Hint: We have been asked in the problem to find the differential of an exponential function. We will apply the chain rule of differentiation in our problem, assuming ‘a’ and ‘b’ are constants. The chain rule of differentiation can be given as: $\dfrac{d\left[ f\left\{ g\left( x \right) \right\} \right]}{dx}=\dfrac{d\left[ f\left\{ g\left( x \right) \right\} \right]}{d\left[ g\left( x \right) \right]}\times \dfrac{d\left[ g\left( x \right) \right]}{dx}$ . We will also make use of the fact that the differentiation of any constant is equal to zero.

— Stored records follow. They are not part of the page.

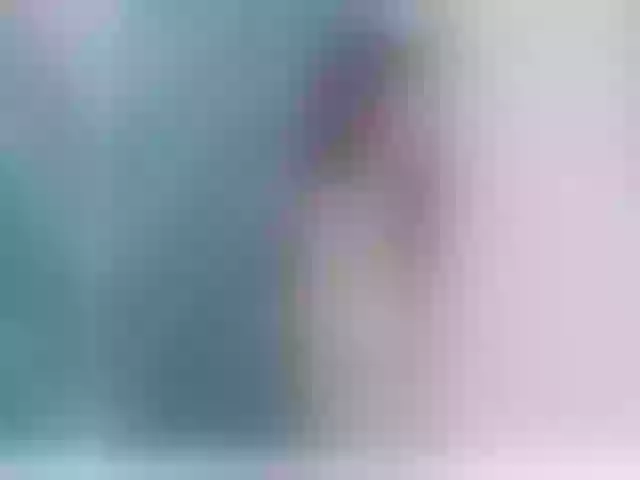 Live sex webcam photo for Lunamistyc #291666330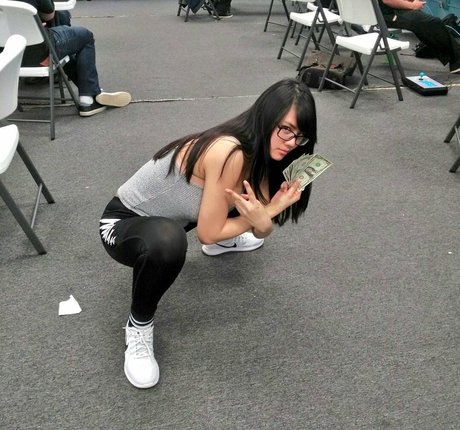 Marine pornstar pretty pics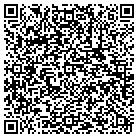 QR code with California Olive Growers contacts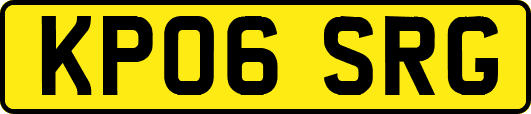 KP06SRG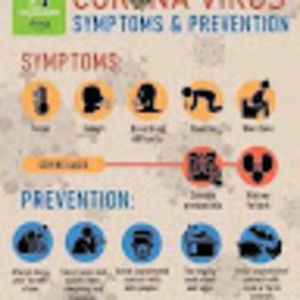 Meet your Posher, Bridget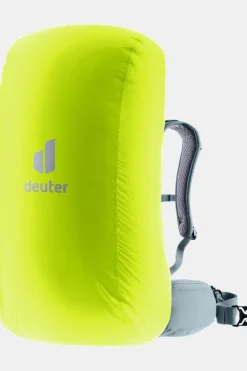 Deuter Regenhoes Rain Cover I (20-35L)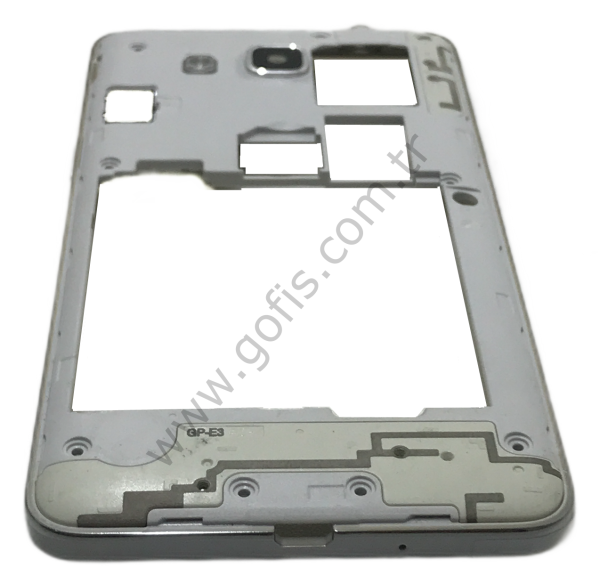 SAMSUNG GALAXY GRAND PRİME G530 ORTA KASA ÇITA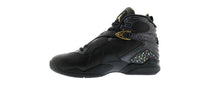 Load image into Gallery viewer, Air Jordan Retro 8 C&C 'Confetti'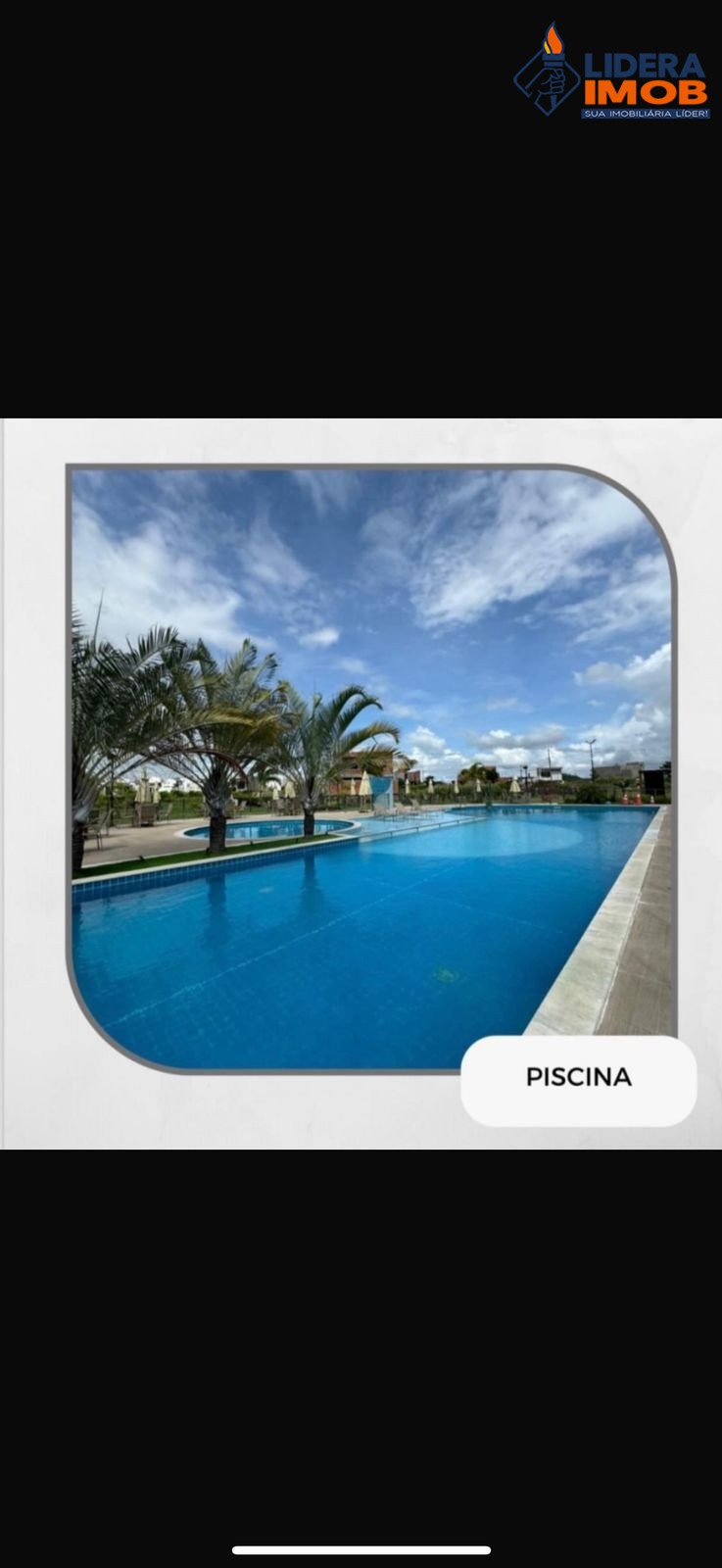 Casa, 2 quartos, 200 m² - Foto 15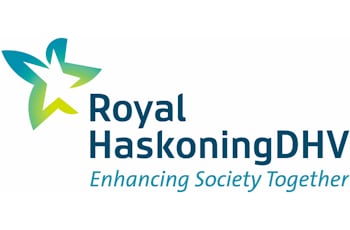 Image of Royal HaskoningDHV (RHDHV)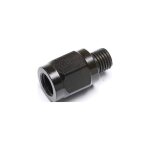 Makita adaptateurs carotteuse m18 pour trpans m16 - p - 45082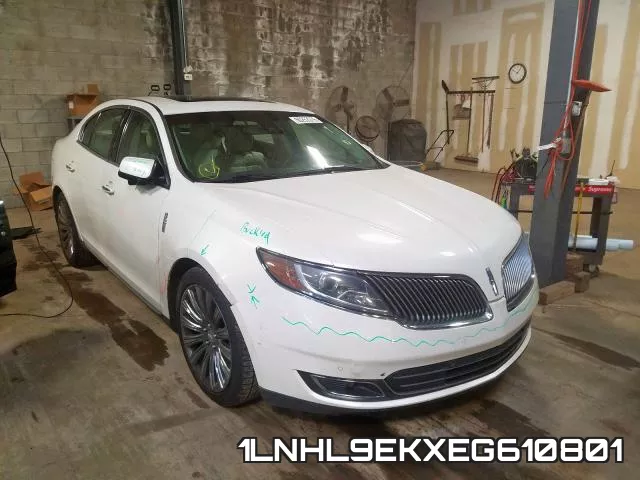 1LNHL9EKXEG610801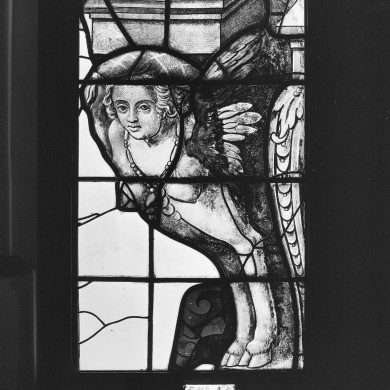 Rijksdienst voor het Cultureel Erfgoed: Dukker, G.J.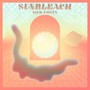 Sunbleach (Explicit)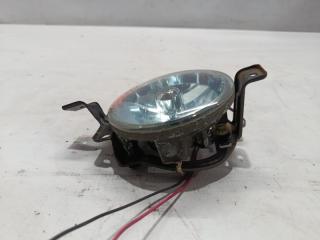 Туманка левая TOYOTA ESTIMA ACR30 114-77102 5 ракурс Туманка левая TOYOTA ESTIMA ACR30 114-77102 5 ракурс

Complete step-by-step answer:
The expression given to us in our problem is equal to: ${{e}^{a{{x}^{2}}+b}}$ . Now, let us first assign some terms that we are going to use later in our problem.
Let the given term on which we need to operate a differential be given by ‘y’ . Here, ‘y’ is given to us as:
$\Rightarrow y={{e}^{a{{x}^{2}}+b}}$

Then, we need to find the differential of ‘y’ with respect to ‘x’. This can be done as follows:
$\Rightarrow \dfrac{dy}{dx}=\dfrac{d\left[ {{e}^{a{{x}^{2}}+b}} \right]}{dx}$

Applying the chain rule of differentiation on the second term, our expression can be written as:
$\Rightarrow \dfrac{dy}{dx}=\dfrac{d\left[ {{e}^{a{{x}^{2}}+b}} \right]}{d\left( a{{x}^{2}}+b \right)}\times \dfrac{d\left( a{{x}^{2}}+b \right)}{dx}$

Using the formula for differential of an exponential function, that is equal to:
$\Rightarrow \dfrac{d{{e}^{\theta }}}{d\theta }={{e}^{\theta }}$
We get our equation as:
$\begin{align}
  & \Rightarrow \dfrac{dy}{dx}=\dfrac{d\left[ {{e}^{a{{x}^{2}}+b}} \right]}{d\left( a{{x}^{2}}+b \right)}\times \dfrac{d\left( a{{x}^{2}}+b \right)}{dx} \\
 & \Rightarrow \dfrac{dy}{dx}=\left( {{e}^{a{{x}^{2}}+b}} \right)\times \dfrac{d\left( a{{x}^{2}}+b \right)}{dx} \\
 & \Rightarrow \dfrac{dy}{dx}=\left( {{e}^{a{{x}^{2}}+b}} \right)\times \left[ \dfrac{d\left( a{{x}^{2}} \right)}{dx}+\dfrac{db}{dx} \right] \\
\end{align}$

Now, using the formula for differentiating an expression raised to some power:
$\Rightarrow \dfrac{d{{\theta }^{n}}}{d\theta }=n{{\theta }^{n-1}}$

And, using the fact that the differentiation of any constant term is equal to zero. Our equation simplifies into:
$\begin{align}
  & \Rightarrow \dfrac{dy}{dx}=\left( {{e}^{a{{x}^{2}}+b}} \right)\times \left[ 2ax+0 \right] \\
 & \therefore \dfrac{dy}{dx}=2ax{{e}^{a{{x}^{2}}+b}} \\
\end{align}$

Thus, our final expression comes out to be $2ax{{e}^{a{{x}^{2}}+b}}$.
Hence, the differential of the expression ${{e}^{a{{x}^{2}}+b}}$ comes out to be $2ax{{e}^{a{{x}^{2}}+b}}$.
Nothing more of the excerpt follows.